§ **TASK OBJECTIVE**
Could you return each line below without altering a word?

§ **Stored entries**
=====

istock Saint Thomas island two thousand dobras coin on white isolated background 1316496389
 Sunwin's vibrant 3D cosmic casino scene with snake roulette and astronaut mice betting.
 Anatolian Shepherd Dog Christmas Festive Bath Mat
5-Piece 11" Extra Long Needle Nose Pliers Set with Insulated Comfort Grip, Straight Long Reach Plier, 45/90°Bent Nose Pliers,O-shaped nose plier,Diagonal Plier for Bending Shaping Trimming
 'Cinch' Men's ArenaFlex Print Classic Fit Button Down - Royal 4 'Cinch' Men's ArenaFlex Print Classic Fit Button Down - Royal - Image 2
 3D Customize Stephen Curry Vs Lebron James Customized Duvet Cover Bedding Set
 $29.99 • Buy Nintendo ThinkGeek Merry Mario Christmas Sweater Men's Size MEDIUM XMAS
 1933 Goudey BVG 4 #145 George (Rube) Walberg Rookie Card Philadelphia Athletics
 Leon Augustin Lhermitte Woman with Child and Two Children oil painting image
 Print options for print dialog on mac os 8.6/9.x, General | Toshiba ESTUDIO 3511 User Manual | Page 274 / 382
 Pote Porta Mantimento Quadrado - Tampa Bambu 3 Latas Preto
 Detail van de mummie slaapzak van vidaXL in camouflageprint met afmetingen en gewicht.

=====

§ **REPLY TO THE EXERCISE**
istock Saint Thomas island two thousand dobras coin on white isolated background 1316496389
 Sunwin's vibrant 3D cosmic casino scene with snake roulette and astronaut mice betting.
 Anatolian Shepherd Dog Christmas Festive Bath Mat
5-Piece 11" Extra Long Needle Nose Pliers Set with Insulated Comfort Grip, Straight Long Reach Plier, 45/90°Bent Nose Pliers,O-shaped nose plier,Diagonal Plier for Bending Shaping Trimming
 'Cinch' Men's ArenaFlex Print Classic Fit Button Down - Royal 4 'Cinch' Men's ArenaFlex Print Classic Fit Button Down - Royal - Image 2
 3D Customize Stephen Curry Vs Lebron James Customized Duvet Cover Bedding Set
 $29.99 • Buy Nintendo ThinkGeek Merry Mario Christmas Sweater Men's Size MEDIUM XMAS
 1933 Goudey BVG 4 #145 George (Rube) Walberg Rookie Card Philadelphia Athletics
 Leon Augustin Lhermitte Woman with Child and Two Children oil painting image
 Print options for print dialog on mac os 8.6/9.x, General | Toshiba ESTUDIO 3511 User Manual | Page 274 / 382
 Pote Porta Mantimento Quadrado - Tampa Bambu 3 Latas Preto
 Detail van de mummie slaapzak van vidaXL in camouflageprint met afmetingen en gewicht.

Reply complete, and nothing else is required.